[DATA PROVIDED — start]

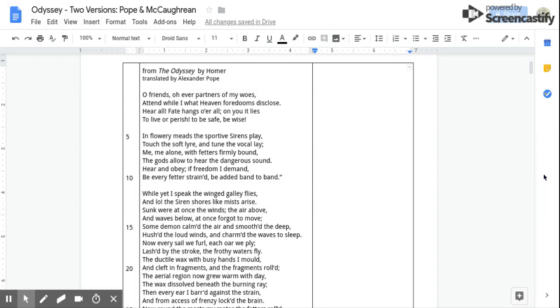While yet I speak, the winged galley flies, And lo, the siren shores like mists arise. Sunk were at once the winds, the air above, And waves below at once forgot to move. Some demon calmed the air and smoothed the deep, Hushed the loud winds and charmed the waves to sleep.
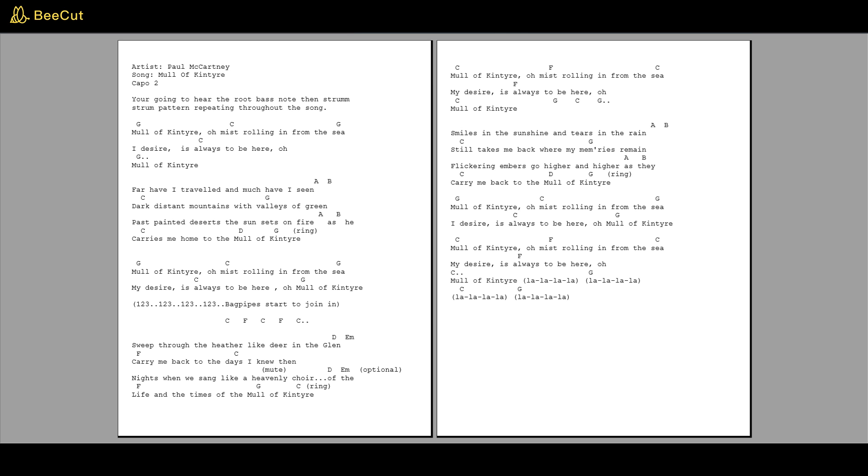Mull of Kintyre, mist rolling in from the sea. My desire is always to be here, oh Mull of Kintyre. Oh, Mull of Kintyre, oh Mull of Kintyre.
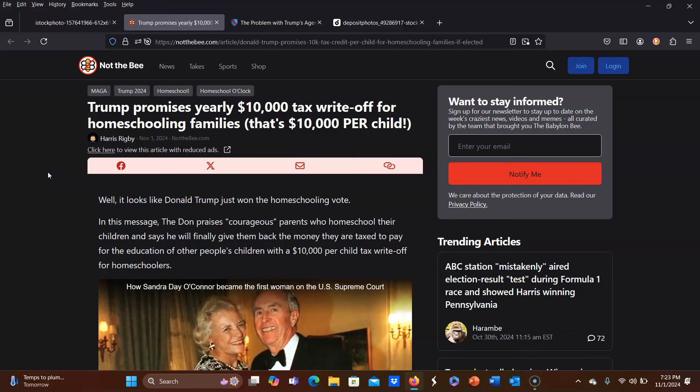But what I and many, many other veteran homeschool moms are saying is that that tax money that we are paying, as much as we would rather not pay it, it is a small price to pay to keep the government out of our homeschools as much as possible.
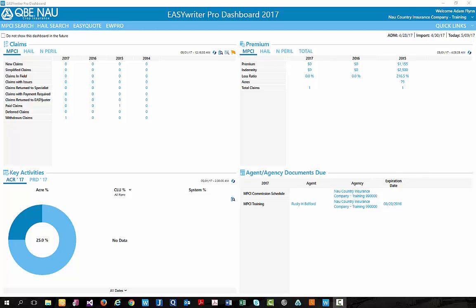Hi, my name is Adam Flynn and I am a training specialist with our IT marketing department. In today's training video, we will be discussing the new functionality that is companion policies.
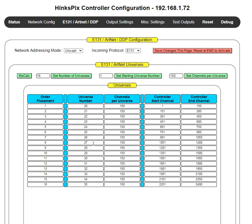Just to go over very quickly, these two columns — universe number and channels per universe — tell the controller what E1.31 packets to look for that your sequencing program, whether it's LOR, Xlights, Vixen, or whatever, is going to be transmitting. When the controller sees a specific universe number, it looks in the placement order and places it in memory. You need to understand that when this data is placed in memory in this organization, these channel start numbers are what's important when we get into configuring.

[DATA PROVIDED — finish]
[DATA PROVIDED — start]

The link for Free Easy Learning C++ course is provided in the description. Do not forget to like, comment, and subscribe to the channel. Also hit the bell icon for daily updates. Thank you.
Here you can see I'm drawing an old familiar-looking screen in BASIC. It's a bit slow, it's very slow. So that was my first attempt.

[DATA PROVIDED — finish]
[DATA PROVIDED — start]

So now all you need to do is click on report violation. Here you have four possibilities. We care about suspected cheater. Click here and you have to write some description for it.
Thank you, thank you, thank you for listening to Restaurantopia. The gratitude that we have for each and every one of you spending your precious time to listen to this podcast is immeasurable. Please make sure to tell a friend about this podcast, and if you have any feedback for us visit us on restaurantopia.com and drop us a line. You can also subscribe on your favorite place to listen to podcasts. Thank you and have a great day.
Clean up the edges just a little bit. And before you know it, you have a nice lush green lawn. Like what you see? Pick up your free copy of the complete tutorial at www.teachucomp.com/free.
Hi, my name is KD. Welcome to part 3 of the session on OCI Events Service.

[DATA PROVIDED — finish]

> _DESCRIPTION OF THE TASK_
Please give, as a single number with nothing added, the count of lines in the records that contain the word "subscribe".

> _SOLVED EXERCISE_
2